What is expected:
Looking at the data below, how many lines include the word "Picture"? Respond with the number only.

**** Dataset records

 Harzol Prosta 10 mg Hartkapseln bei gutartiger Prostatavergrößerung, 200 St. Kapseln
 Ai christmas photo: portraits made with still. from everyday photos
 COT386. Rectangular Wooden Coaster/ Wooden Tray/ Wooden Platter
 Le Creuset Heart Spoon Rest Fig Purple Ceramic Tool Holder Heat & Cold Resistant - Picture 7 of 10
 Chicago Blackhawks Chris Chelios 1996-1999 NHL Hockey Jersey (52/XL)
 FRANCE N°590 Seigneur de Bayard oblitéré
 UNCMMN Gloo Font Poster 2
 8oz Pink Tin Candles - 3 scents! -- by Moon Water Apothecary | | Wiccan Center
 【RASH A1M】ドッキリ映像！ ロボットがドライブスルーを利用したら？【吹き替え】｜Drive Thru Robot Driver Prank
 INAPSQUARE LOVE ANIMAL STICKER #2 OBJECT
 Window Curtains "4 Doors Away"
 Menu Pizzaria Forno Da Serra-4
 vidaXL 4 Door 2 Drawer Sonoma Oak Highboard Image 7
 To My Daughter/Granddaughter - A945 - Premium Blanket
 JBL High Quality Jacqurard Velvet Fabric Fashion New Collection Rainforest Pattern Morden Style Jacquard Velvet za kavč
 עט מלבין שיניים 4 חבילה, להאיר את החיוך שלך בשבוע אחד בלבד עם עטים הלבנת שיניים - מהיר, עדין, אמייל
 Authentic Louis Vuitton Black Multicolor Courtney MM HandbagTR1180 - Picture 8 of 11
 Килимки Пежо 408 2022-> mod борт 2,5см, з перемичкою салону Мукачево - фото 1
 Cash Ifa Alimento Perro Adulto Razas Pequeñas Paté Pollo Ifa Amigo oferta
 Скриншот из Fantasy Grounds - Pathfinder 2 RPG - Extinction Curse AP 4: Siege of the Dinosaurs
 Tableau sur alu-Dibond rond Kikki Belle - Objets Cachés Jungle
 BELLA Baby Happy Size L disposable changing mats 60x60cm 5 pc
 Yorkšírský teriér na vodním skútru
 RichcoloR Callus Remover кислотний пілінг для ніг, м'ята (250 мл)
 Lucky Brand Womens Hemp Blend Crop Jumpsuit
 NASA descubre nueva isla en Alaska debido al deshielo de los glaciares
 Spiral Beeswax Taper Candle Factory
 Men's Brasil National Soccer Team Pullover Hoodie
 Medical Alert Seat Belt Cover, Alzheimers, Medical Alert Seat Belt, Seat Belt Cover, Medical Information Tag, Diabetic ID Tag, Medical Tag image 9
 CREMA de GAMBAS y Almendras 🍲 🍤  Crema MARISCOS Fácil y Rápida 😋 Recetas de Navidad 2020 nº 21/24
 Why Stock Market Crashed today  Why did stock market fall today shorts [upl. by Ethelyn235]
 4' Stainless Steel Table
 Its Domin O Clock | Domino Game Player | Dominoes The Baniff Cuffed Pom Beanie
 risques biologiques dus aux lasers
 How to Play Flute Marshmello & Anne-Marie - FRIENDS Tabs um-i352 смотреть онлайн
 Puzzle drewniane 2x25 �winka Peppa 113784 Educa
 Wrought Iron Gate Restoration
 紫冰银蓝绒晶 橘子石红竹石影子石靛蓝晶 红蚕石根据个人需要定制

********

Task response:
2